Douglas & Gordon’s February 2010 Market Report
Thursday, March 11, 2010 by Ivor Dickinson
For the second month running, the amount of property available for sale is steadily growing. It is still less than this time last year, but only by 7%. The number of new properties coming to the market is also healthy - not as many as in January, but still 40% more than February 2009 and likewise valuations are up 32% for the same period.
There is still a strong desire to invest in London property with sales applicants remaining at the same high level as January and the number of sales agreed higher than in any of the previous 12 months and 38% more than February 2009.
Prices in Central London will therefore continue to rise, as heavy demand remains. However, with more stock slowly becoming available, the rate of price growth should begin to slow.
We reported last month how concerned we were about the lack of supply in the rental sector and regrettably, February figures have not provided any reason for optimism. The last time D&G did so few rental valuations was December ’08 (not a notoriously busy month in any year).

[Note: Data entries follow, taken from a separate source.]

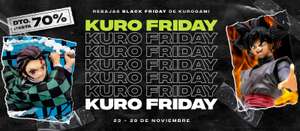 Black Friday Kurogami 2020 DESCUENTOS DE HASTA UN -70%
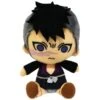 Genya Shinazugawa Chibi Plush Demon Slayer: Kimetsu No Yaiba(Genya Shinazugawa Chibi Plush Demon Slayer Kimetsu No Yaiba)
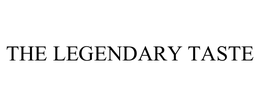 THE LEGENDARY TASTE trademark
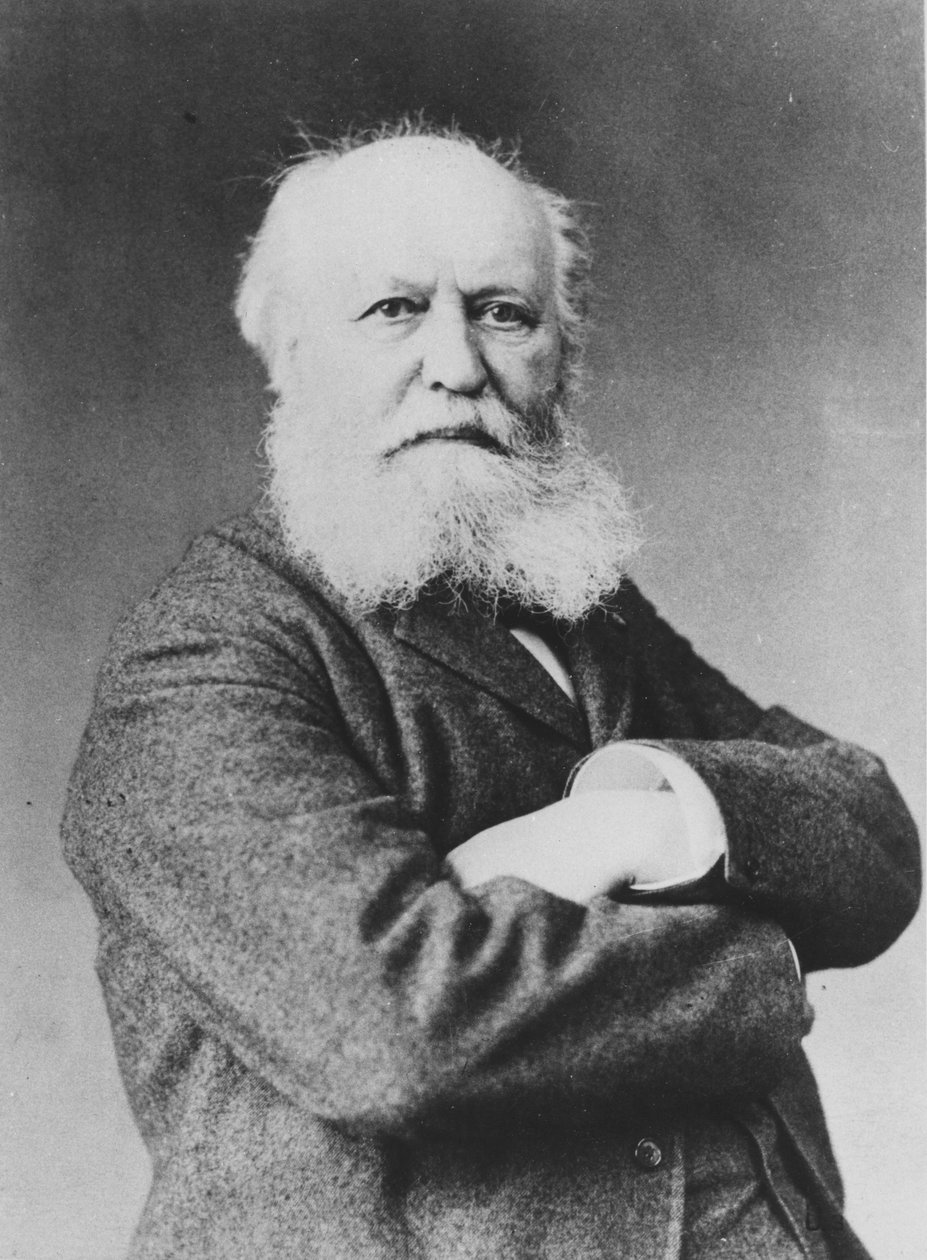 Portrét Charlese Gounoda od French Photographer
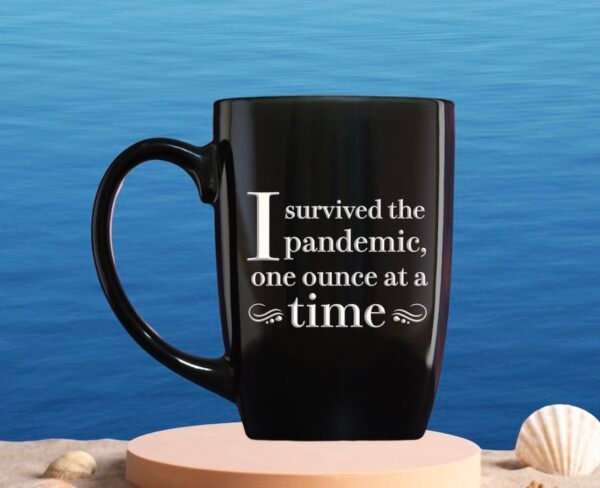 Ceramic Coffee Mug Personalized, Custom Ceramic Cup, Name, Logo, Monogram, message, deep Engraved Office Gift, Mothers Day, Fathers, Friendship, Thank You, Grandmother, Dad, Mom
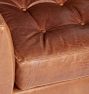 Hastings Leather Swivel Chair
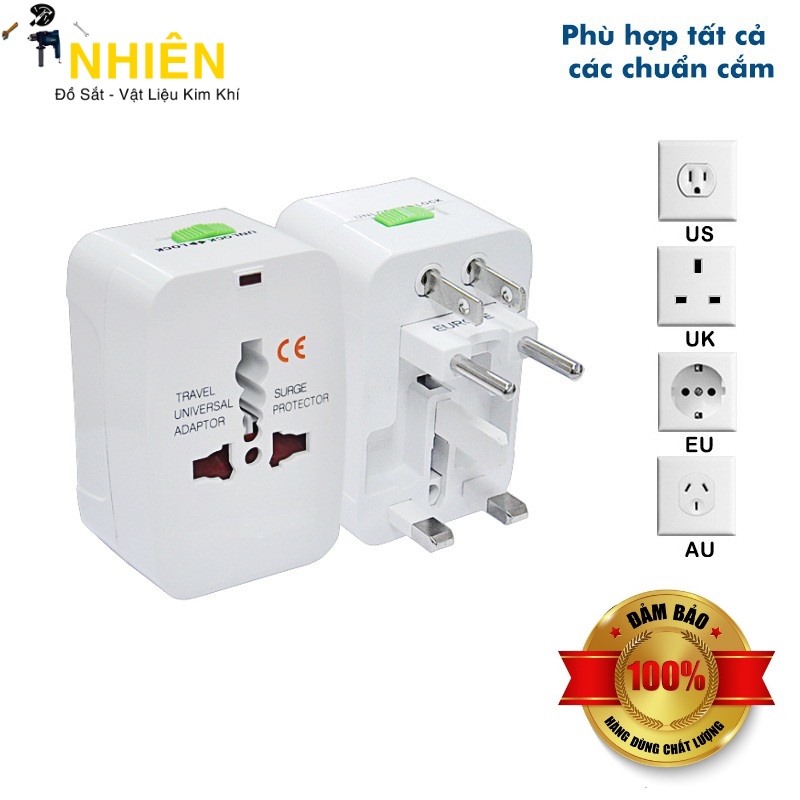 Phích cắm điện đa năng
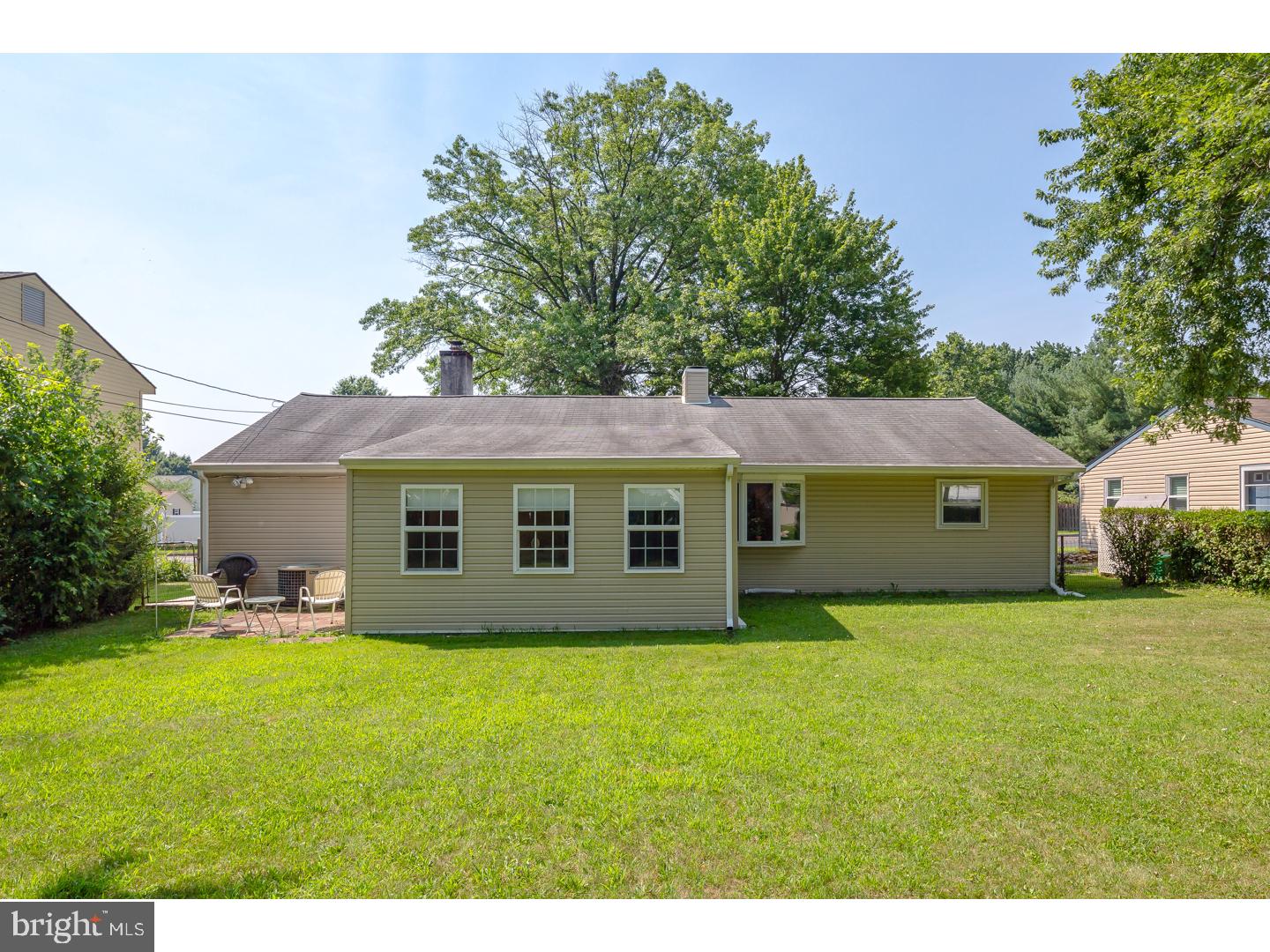 161 Wistar Road Fairless Hills, PA 19030 - Photo 14 of 21 Exterior Back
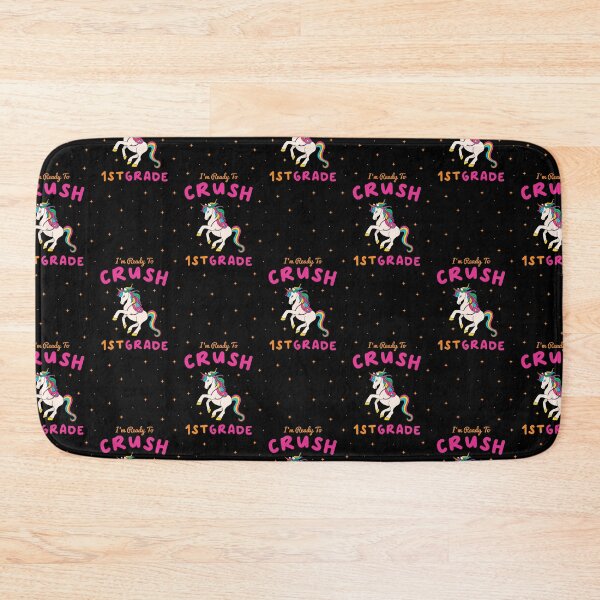 Item preview, I'm Ready To Crush 1st Grade designed and sold by ChicGraphix.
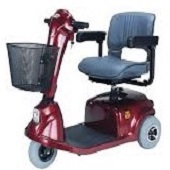 Hire Mobilityscooter Md. M III in Marbella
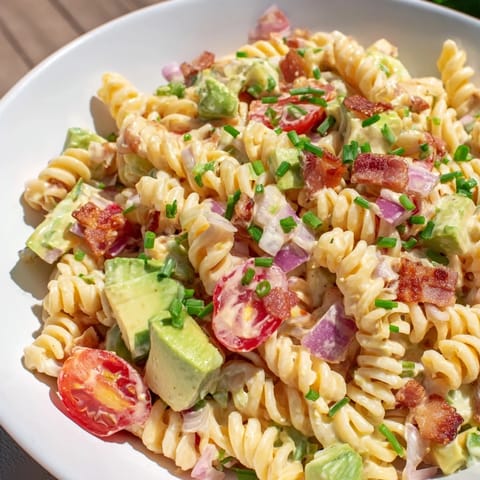 BLT Pasta Salad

The total number of properties available to let fell again in February, although only fractionally, but it is still 68% less than this time a year ago.
In January, Douglas & Gordon reported more prospective tenants registering than ever before. However, in February, registrations fell back to a more normal level, similar to this time last year.
The reason for this continued lack of stock is predominantly landlords deciding to sell as the value of their property recovers. Even though the demand for rental property is slowing (because investing is now seen as a better option and because seasonally this is a quiet time of year), rental values will still continue to rise because of the continued lack of stock.